Nach dem Unfall kontaktierte Francis die Hotline, die eine Person damit beauftragte, den beiden zu helfen. Die drei verbrachten zwei Stunden an der Unfallstelle und liefen die Strecke gemeinsam ab, bis Vertrauen und Leichtigkeit wieder da waren. Die Verletzlichkeit, die Francis ohne die Unterstützung an ihrer Seite empfindet, kann sich auf ihr Selbstvertrauen und ihre Unabhängigkeit auswirken; daher hat dies höchste Priorität.
Weitere Informationen über Begleithunde
Wenn sie an Francis‘ linker Seite geht, ist Claire bei der Arbeit. Ihre Tätigkeit ist sehr intensiv. Wenn Francis mit den beiden unterwegs ist, zählt sie die Kurven und Schritte, die sie zurücklegt, um sich zu orientieren. Mit den Hunden an ihrer Seite kommt sie sicher dort an, wohin sie will. Doch wenn sie unterwegs aufgehalten oder unerwarteterweise gestört wird, ist ihre Orientierung beeinträchtigt.

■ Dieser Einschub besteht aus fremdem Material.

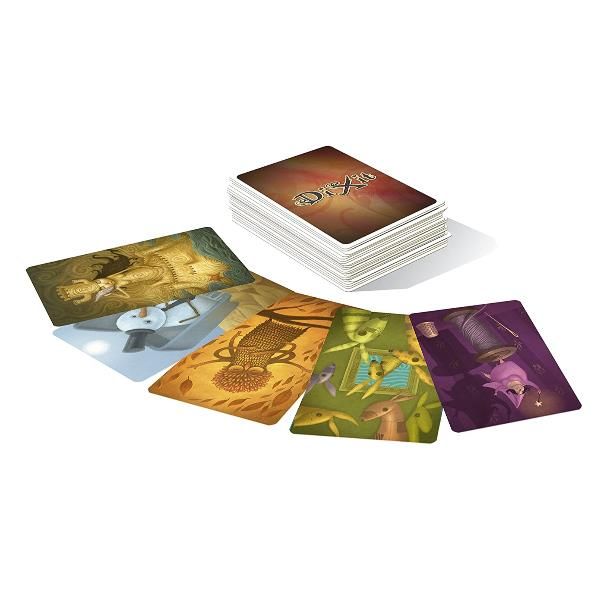 Asmodee - Dixit Daydreams - gioco di carte - pacchetto di espansione
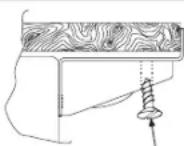 ROSIERES RBCP 31831 - INSTALLERING AV APPARATEN I EN ENHET - 4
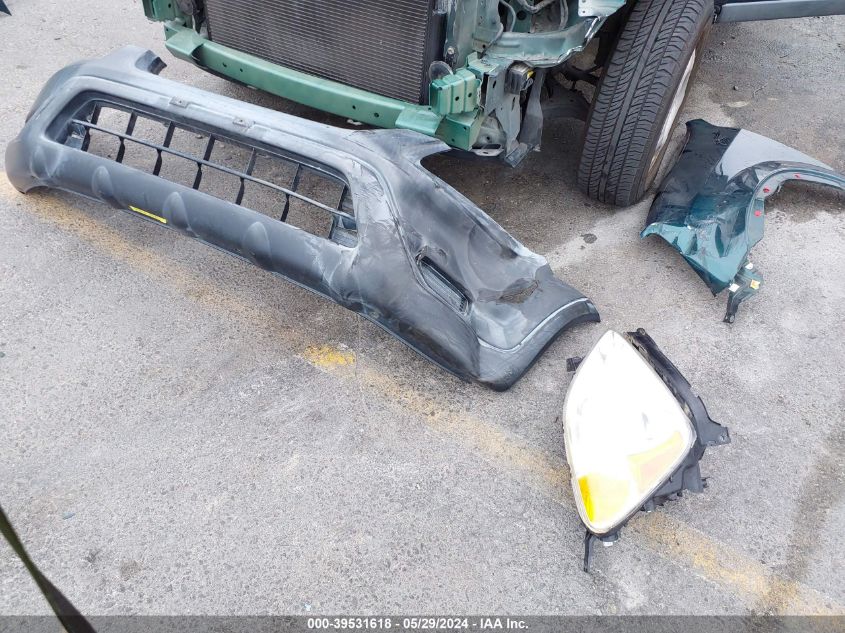 2003 Honda Cr-V Lx VIN: JHLRD68453C002015 Lot: 39531618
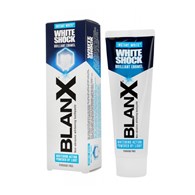 BLANX pasta do zębów INSTANT WHITE SHOCK WYBIELAJĄ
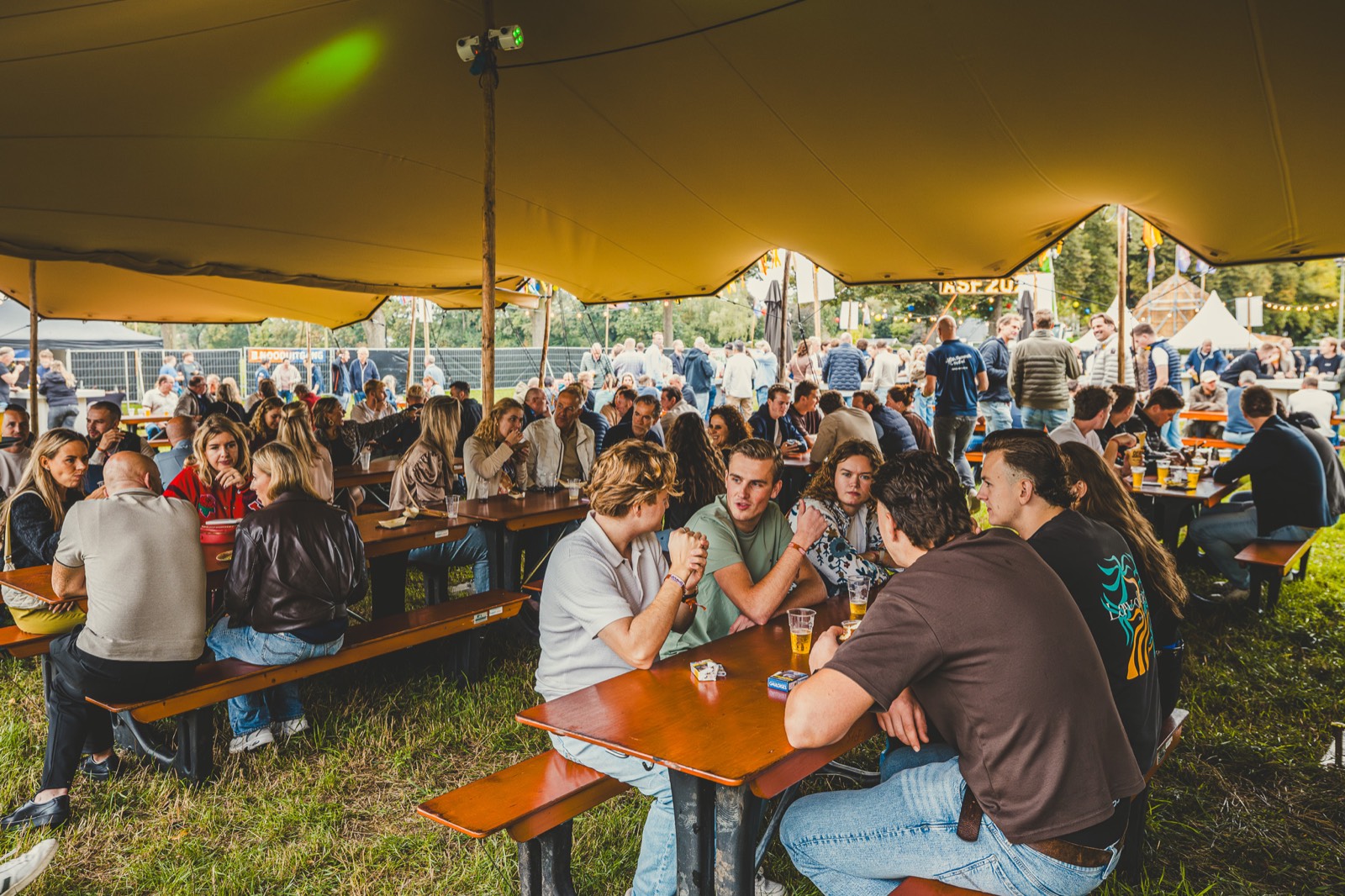 Bedrijvenuurtje — After Summer Festival 2026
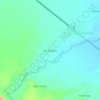 Alto Naranjillo topographic map, elevation, terrain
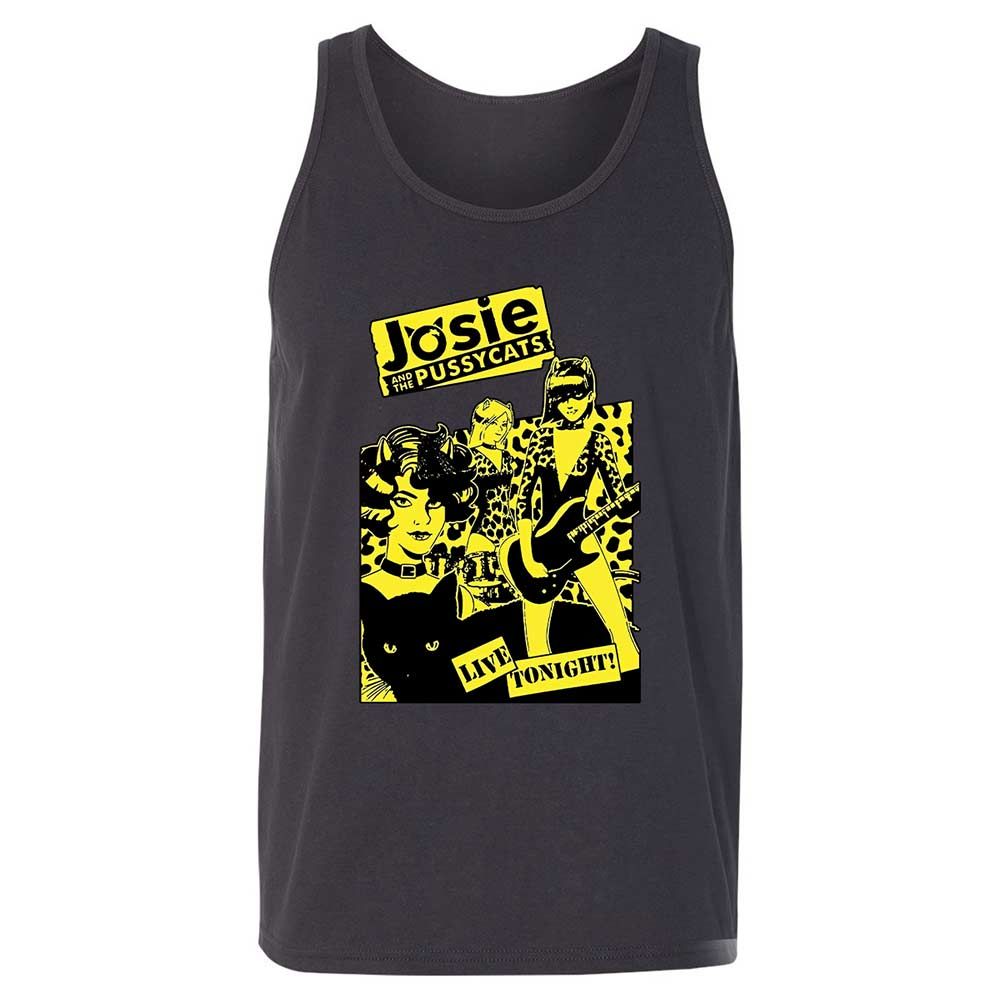 The Pussycats - Dark Grey - 4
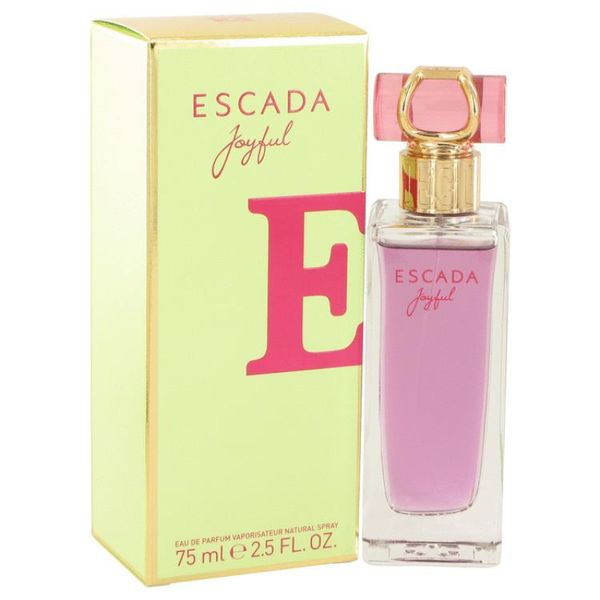 Perfume Feminino Joyful Escada 75 ML Eau De Parfum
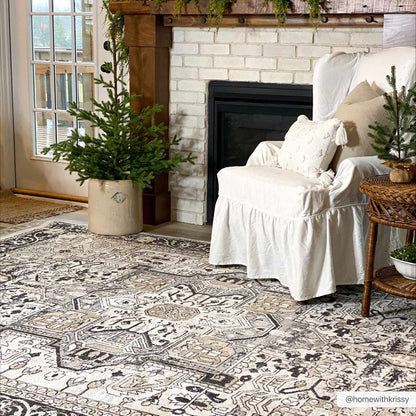 Cabacungan Washable Area Rug - Decor Addict, LLC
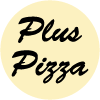 Plus Pizza logo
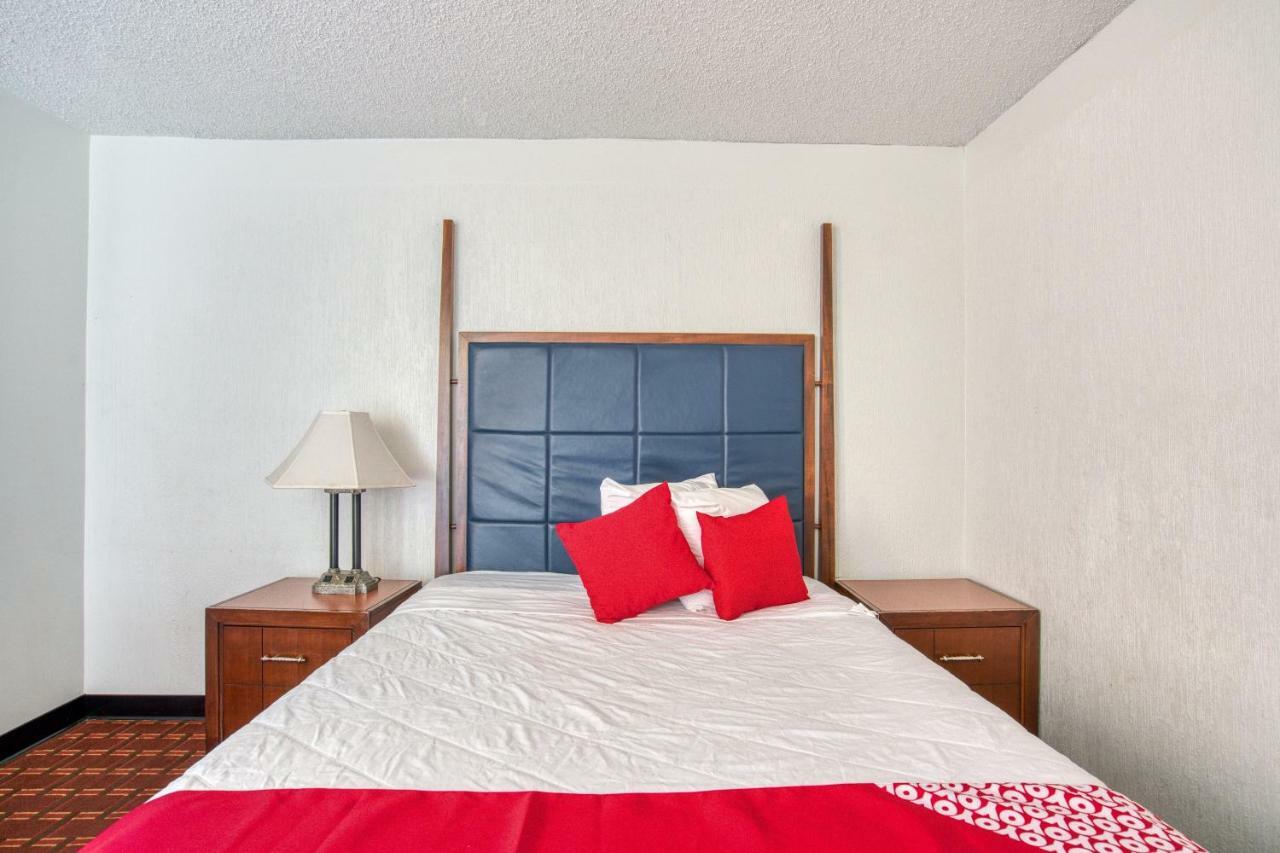 Oyo Townhouse Houston George Bush Intercontinental Hotel Luaran gambar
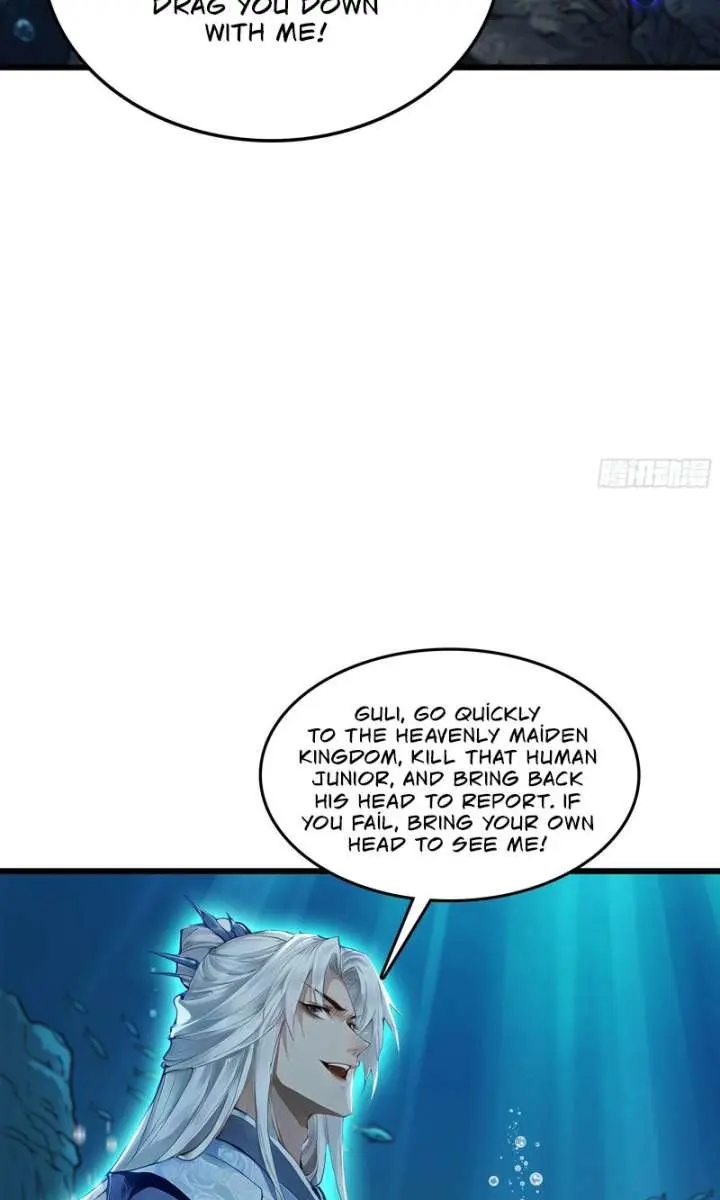 Strength Through Adversity, My Cultivation Knows No Limits Chapter 123 Page 55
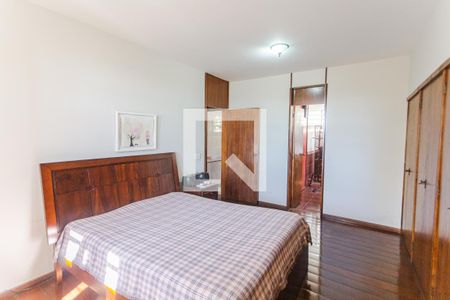 Suíte de casa à venda com 6 quartos, 468m² em São Lucas, Belo Horizonte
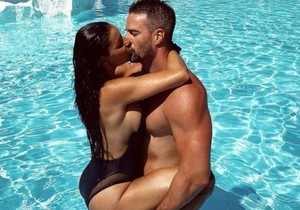 Mia Borisavljević, Bojan Grujić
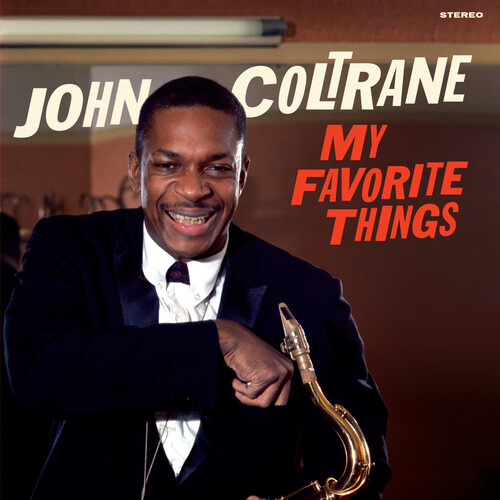 John Coltrane - My Favorite Things [180-Gram Colored Vinyl With Bonus Track]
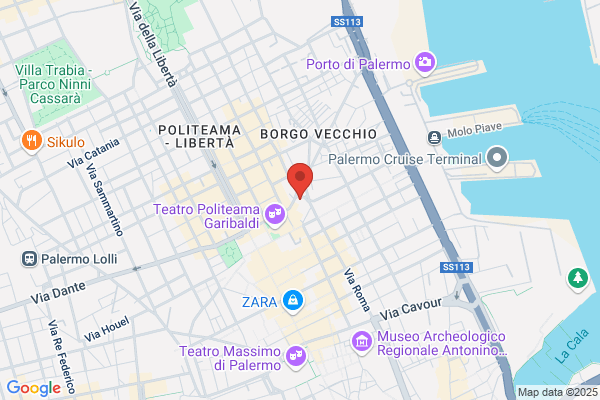 C.S.R.M. Centro Studi Relazionale Mediterraneo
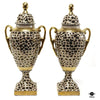 Urns (Pair)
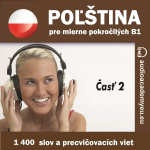 Obrázek podcastu Poľština pre mierne pokročilých B1 - časť 2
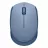 Mouse wireless LOGITECH M171 Blue Grey, Optical Mouse for Notebooks, Nano receiver, Blue Grey, Retail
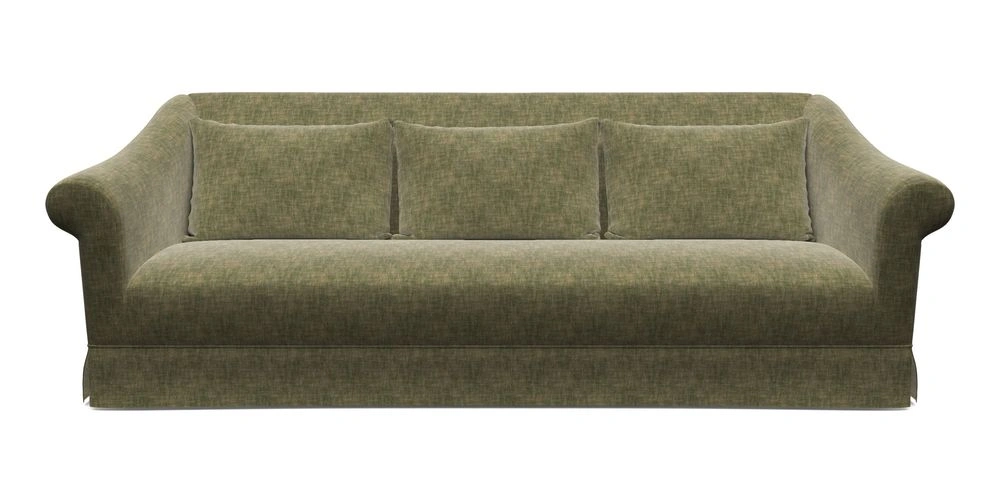 Bespoke 4 Seater Sofas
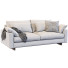 Sofa West Elm Harmony Bright Brown and Beige - ED-MONTE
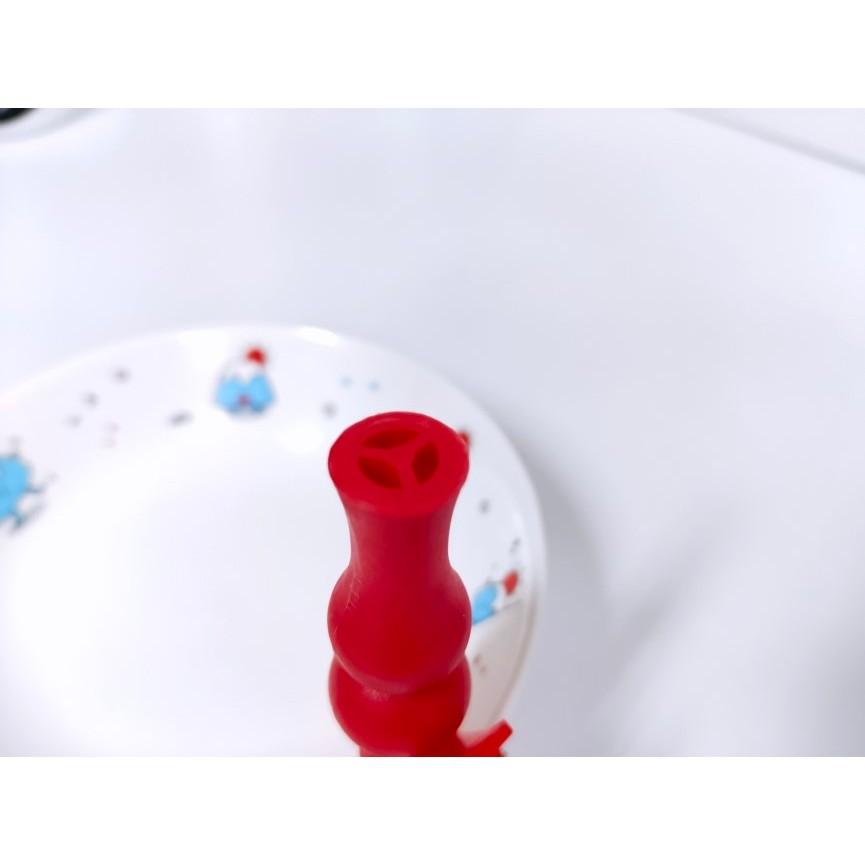 玲瓏小舖18A【插香器 100入 台灣製】葫蘆插香器 夾式插香器 迷你插香器 三孔插香器 插香器 插香座 插香架 拜拜用-細節圖5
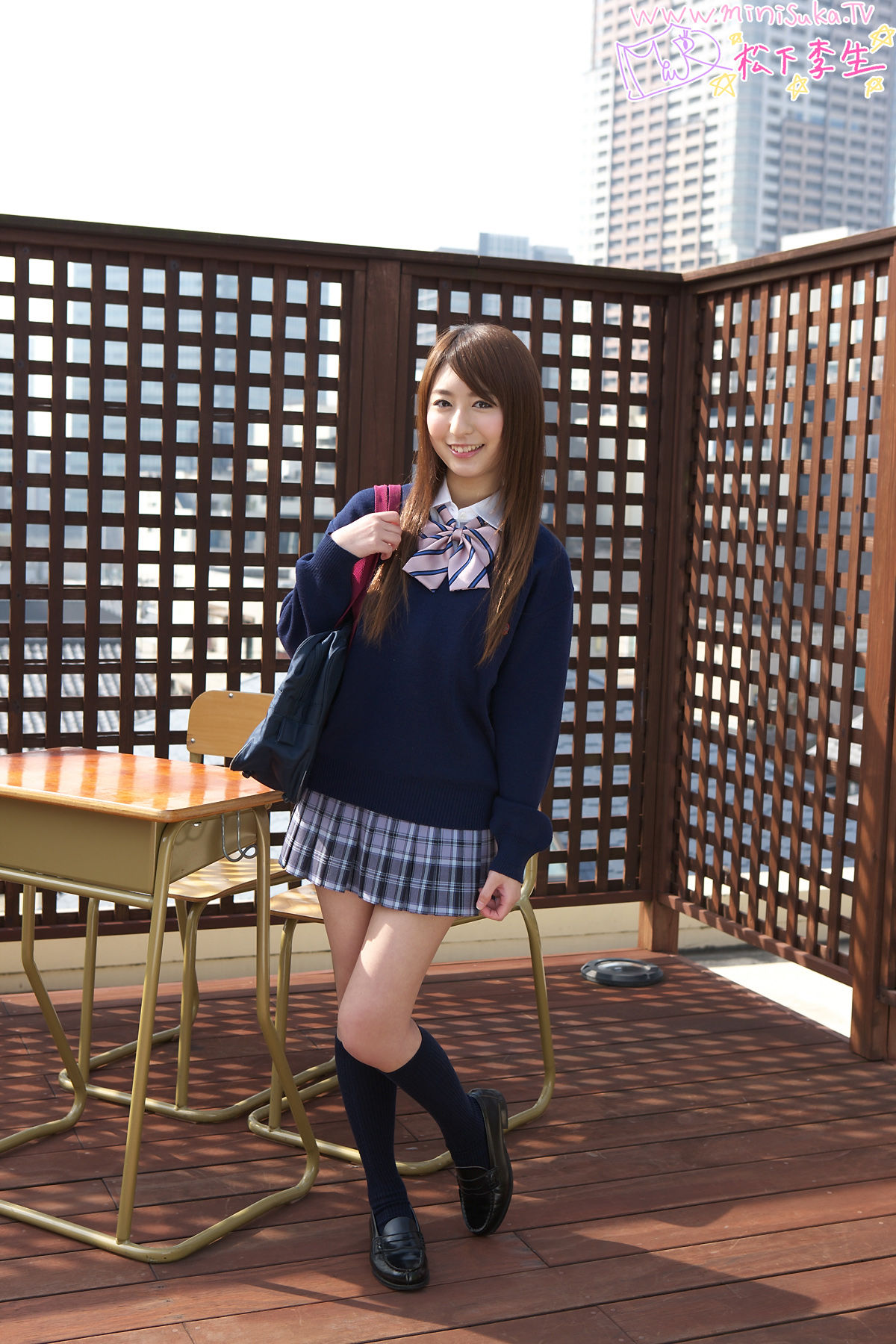 Rio Matsushita 松下李生  Regular Gallery 01-图0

Dann muss sie an den Ort zurückkehren, an dem sie mit dem Zählen aufgehört hat, und von vorne beginnen. Aus diesem Grund ist es sehr wichtig, Begleithund und BesitzerIn nicht zu stören, denn sie sind vollauf beschäftigt!
Hilfsangebote sind natürlich willkommen, aber nicht immer hilfreich für Francis und ihre Hunde. Obendrein kann es mitunter schwierig sein, dies einer anderen Person zu erklären, da Gespräche nicht einfach sind, wenn man Gesichtsausdrücke nicht wahrnehmen kann. Francis weiß, dass Hilfsangebote gut gemeint sind, aber leider nicht immer die gewünschte Wirkung haben.
Folgendes ist im Alltag zu beachten: Hilfsangebote sind natürlich willkommen, aber nicht immer hilfreich. Ein Kompliment für den Hund ist sehr nett, jedoch ist der Hund Teil eines Teams; daher ist auch ein Kompliment für die BesitzerIn eine freundliche Geste.
Über Francis
Francis hat ein aktives Leben und geht gerne aus. Seit 2015 macht sie das mit ihrem Begleithund Nikki an ihrer Seite. 2021 hat ihr Begleithund Claire die Aufgaben von Nikki übernommen. Francis’ Lieblingsbeschäftigung? Ein schöner Spaziergang durch den Wald. Natürlich mit beiden Hunden!